*Exercise aim*
Give back exactly the lines from the "107 S Creek Drive Bellville, TX 77418" line to the final line of the records, and only those, minus any pictures.

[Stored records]
[Start of Attachment]

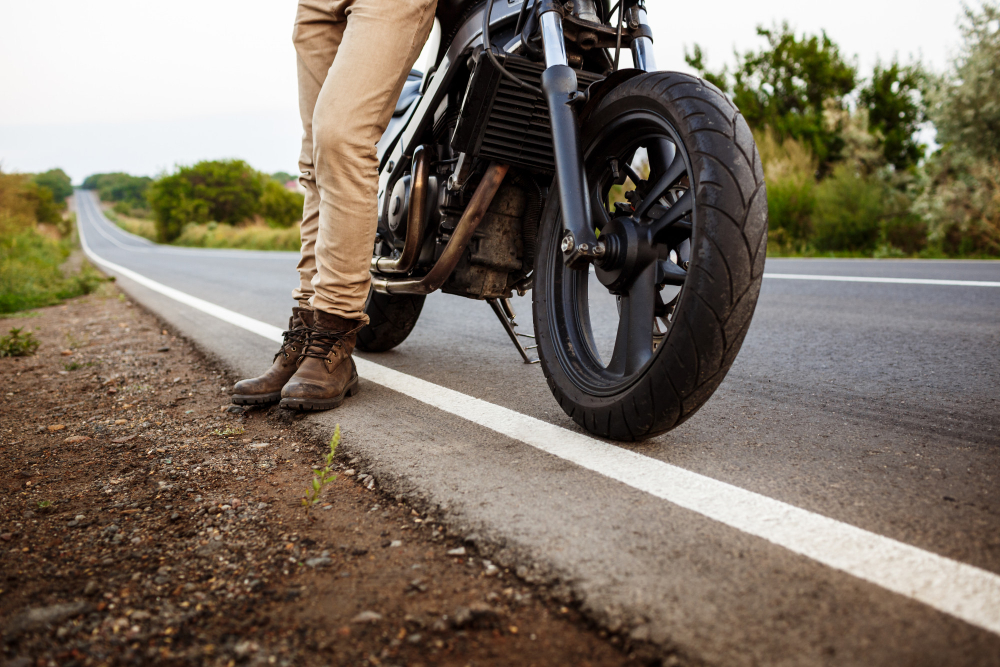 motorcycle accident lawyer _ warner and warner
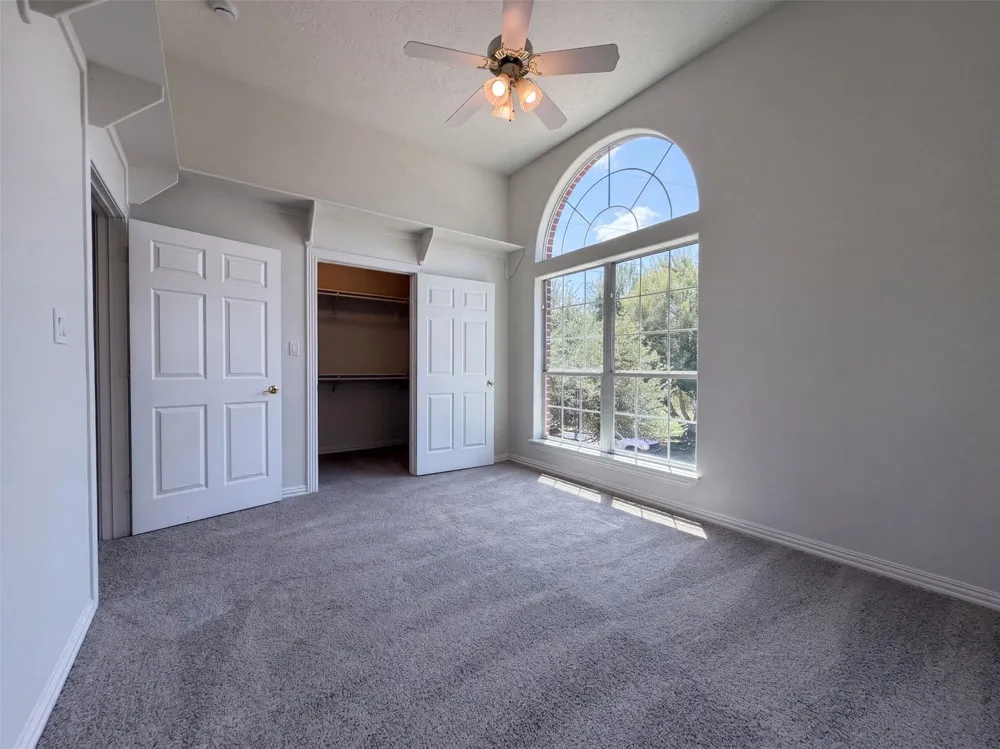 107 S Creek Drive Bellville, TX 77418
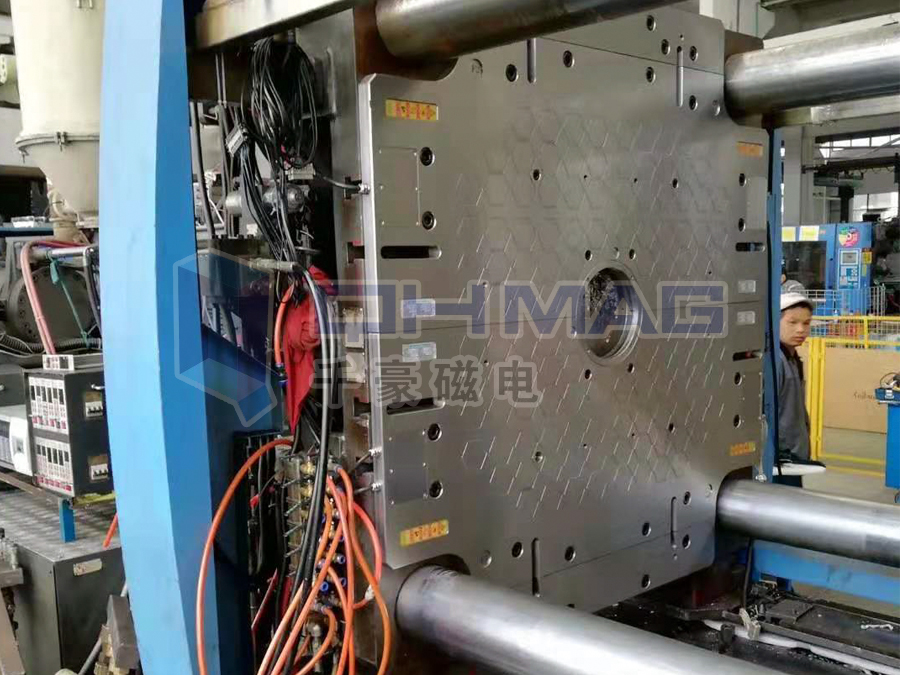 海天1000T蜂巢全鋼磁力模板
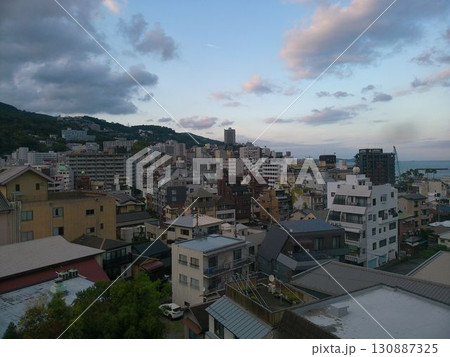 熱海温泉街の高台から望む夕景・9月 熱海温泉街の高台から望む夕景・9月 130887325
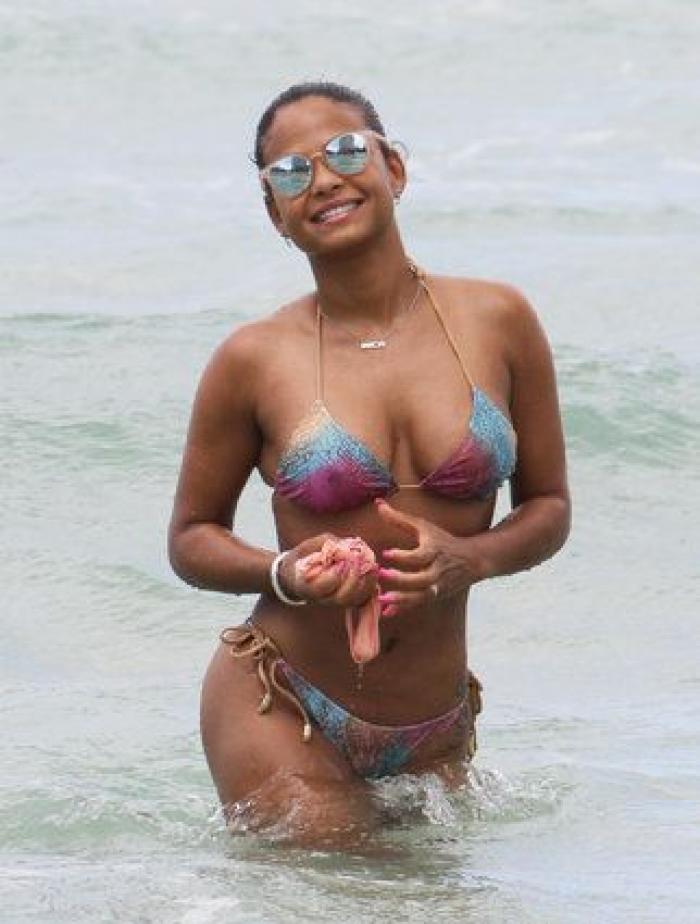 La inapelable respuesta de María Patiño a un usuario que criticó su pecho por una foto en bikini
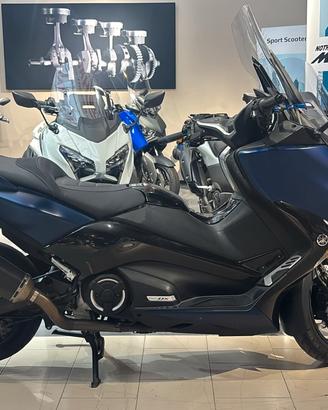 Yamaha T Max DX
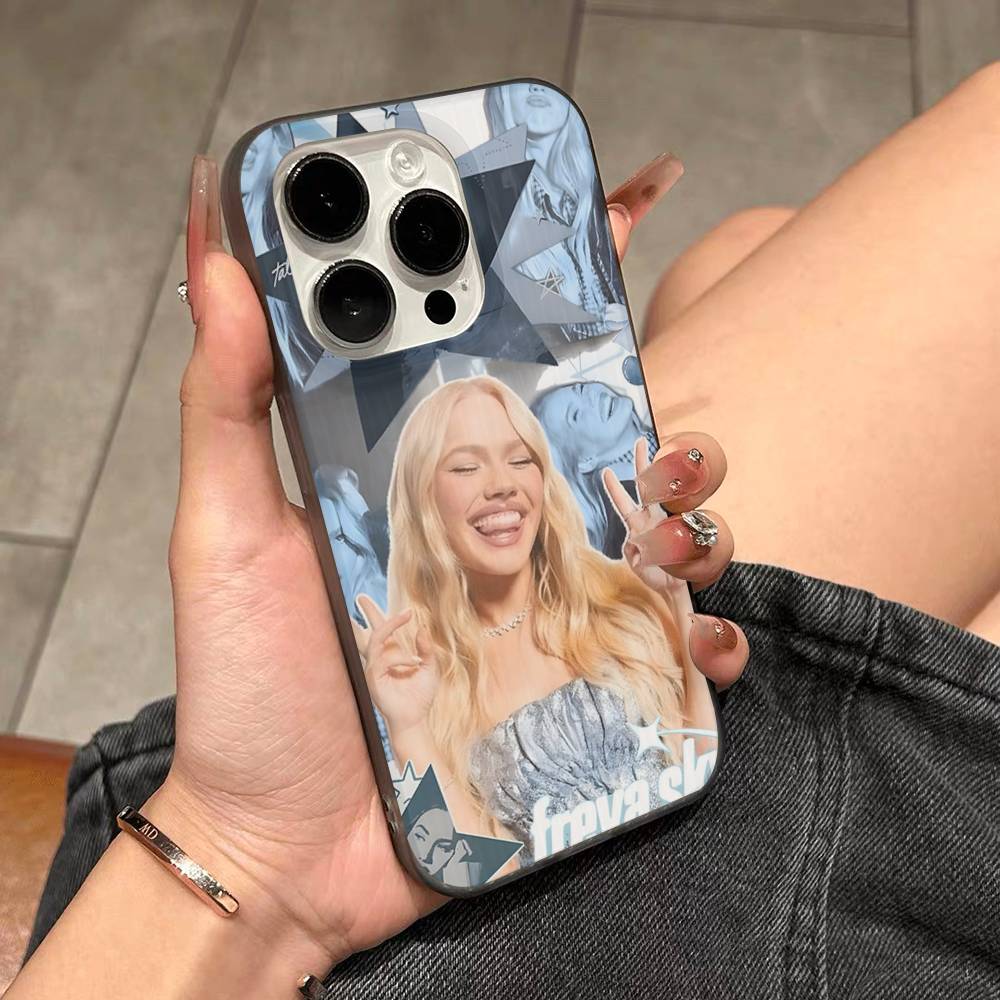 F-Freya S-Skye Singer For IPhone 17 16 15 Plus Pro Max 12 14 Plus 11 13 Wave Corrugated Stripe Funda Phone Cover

[End of Attachment]

*Task solution*
 107 S Creek Drive Bellville, TX 77418
 海天1000T蜂巢全鋼磁力模板
 熱海温泉街の高台から望む夕景・9月 熱海温泉街の高台から望む夕景・9月 130887325
 La inapelable respuesta de María Patiño a un usuario que criticó su pecho por una foto en bikini
 Yamaha T Max DX
 F-Freya S-Skye Singer For IPhone 17 16 15 Plus Pro Max 12 14 Plus 11 13 Wave Corrugated Stripe Funda Phone Cover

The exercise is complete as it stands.